The bisector of a triangle is 96 cm, the median perpendicular to it is 96. Find the sides of the triangle.

AR = CM = 96 cm.

The ACM triangle is isosceles, since AO is its height and bisector, then AC = AM, CO = OM = 96/2 = 48 cm.

Let AC = X cm, then AM = BM = X cm, AB = 2 * X cm.

AR is a bisector, then, by its property, AC / CP = AB / PB.

X / CP = 2 * X / BP.

BP = 2 * CP.

The area of ​​the AMC triangle is equal to: Sams = CM * AO / 2 = 96 * AO / 2 = 48 * AO cm2.

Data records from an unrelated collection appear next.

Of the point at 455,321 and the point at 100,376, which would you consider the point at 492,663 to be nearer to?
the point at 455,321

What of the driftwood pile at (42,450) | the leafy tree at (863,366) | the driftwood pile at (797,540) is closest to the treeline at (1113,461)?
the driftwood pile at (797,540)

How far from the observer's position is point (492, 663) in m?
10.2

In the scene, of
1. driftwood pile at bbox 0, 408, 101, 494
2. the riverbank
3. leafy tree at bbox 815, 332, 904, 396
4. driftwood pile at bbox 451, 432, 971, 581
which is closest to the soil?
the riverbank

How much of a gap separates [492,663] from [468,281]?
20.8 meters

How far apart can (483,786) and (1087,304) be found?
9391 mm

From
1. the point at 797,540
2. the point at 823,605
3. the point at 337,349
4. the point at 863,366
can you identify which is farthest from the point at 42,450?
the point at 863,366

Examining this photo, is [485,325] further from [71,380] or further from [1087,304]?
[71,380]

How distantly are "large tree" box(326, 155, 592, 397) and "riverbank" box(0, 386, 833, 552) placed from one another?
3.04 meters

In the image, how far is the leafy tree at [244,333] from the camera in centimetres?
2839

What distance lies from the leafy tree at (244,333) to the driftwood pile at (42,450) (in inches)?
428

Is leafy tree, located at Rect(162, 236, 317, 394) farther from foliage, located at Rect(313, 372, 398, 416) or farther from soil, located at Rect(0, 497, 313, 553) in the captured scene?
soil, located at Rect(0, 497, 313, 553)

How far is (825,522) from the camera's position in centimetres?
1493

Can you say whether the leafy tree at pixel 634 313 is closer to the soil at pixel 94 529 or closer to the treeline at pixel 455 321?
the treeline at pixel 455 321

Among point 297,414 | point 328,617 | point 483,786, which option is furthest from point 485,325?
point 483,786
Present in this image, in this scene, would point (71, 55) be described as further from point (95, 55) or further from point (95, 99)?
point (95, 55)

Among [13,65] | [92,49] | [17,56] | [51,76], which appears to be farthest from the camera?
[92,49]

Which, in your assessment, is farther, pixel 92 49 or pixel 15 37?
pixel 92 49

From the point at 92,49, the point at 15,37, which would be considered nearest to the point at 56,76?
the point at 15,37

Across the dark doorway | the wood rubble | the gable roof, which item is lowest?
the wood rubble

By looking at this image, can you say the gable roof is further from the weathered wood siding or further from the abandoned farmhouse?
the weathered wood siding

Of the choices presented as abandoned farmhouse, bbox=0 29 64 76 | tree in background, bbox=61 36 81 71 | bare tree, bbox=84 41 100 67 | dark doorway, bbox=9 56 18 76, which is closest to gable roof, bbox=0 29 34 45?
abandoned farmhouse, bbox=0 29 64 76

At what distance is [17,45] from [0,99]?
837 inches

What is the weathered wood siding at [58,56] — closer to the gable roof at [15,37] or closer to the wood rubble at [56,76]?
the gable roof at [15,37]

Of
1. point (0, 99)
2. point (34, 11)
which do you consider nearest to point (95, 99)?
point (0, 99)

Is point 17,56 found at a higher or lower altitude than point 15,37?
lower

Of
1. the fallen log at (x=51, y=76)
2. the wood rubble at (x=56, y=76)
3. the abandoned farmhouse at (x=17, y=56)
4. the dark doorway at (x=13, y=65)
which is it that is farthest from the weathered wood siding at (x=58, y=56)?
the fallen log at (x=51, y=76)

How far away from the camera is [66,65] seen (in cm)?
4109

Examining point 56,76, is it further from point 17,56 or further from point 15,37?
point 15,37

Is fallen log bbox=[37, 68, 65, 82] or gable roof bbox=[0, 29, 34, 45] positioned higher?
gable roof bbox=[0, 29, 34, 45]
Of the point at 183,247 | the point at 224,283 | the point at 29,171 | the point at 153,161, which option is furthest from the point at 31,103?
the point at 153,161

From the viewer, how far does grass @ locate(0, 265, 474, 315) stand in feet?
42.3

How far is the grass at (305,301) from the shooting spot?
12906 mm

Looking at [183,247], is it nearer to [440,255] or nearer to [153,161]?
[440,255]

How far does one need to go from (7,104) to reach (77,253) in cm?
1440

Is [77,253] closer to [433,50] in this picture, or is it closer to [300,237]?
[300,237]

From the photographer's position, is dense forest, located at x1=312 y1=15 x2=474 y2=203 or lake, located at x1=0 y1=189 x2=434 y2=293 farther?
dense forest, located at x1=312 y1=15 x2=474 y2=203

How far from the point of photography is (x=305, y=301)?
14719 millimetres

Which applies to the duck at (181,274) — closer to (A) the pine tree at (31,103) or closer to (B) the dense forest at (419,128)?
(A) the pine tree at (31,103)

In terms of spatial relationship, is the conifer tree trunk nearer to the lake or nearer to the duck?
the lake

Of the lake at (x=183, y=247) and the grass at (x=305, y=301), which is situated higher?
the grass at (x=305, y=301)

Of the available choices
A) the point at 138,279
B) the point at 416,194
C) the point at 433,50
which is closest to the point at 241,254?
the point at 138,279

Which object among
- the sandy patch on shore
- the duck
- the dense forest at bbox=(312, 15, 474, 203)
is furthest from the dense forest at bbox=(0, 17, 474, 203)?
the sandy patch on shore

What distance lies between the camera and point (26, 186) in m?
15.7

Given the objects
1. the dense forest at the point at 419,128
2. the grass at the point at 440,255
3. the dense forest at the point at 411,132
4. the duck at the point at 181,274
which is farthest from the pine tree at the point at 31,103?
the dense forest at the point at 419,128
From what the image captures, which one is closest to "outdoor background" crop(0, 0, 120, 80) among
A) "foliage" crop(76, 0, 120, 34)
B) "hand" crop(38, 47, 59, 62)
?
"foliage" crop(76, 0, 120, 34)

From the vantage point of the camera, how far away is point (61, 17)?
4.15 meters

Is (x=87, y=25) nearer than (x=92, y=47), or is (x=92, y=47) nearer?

The PM segment is the median of the ABP triangle, then Sarm = Svrm = AR * OM / 2 = 96 * 48/2 = 2304 cm2.

The area of ​​the triangle ABC is equal to: Savs = Sarv + Sars = 2 * Sarm + Sarm = 2 * 2304 + 2304 = 6912 cm2.

Sams = Saavs / 2 = 3456 cm2.

48 * AO = 3456.

AO = 3456/48 = 72 cm, then RR = 96 – 72 = 24 cm.

In a right-angled triangle AOC, AC ^ 2 = AO ^ 2 + OC ^ 2 = 5184 + 2304 = 7488.

AC = 24 * √13 cm.

AB = 2 * AC = 48 * √13 cm.

From a right-angled triangle COP, CP ^ 2 = CO ^ 2 + OP ^ 2 = 2304 + 576 = 2880.

СР = 24 * √5 cm, then ВР = 48 * √5 cm, and ВС = 72 * √5 cm.

Answer: The sides of the triangle are 24 * √13 cm, 48 * √13 cm, 72 * √5 cm.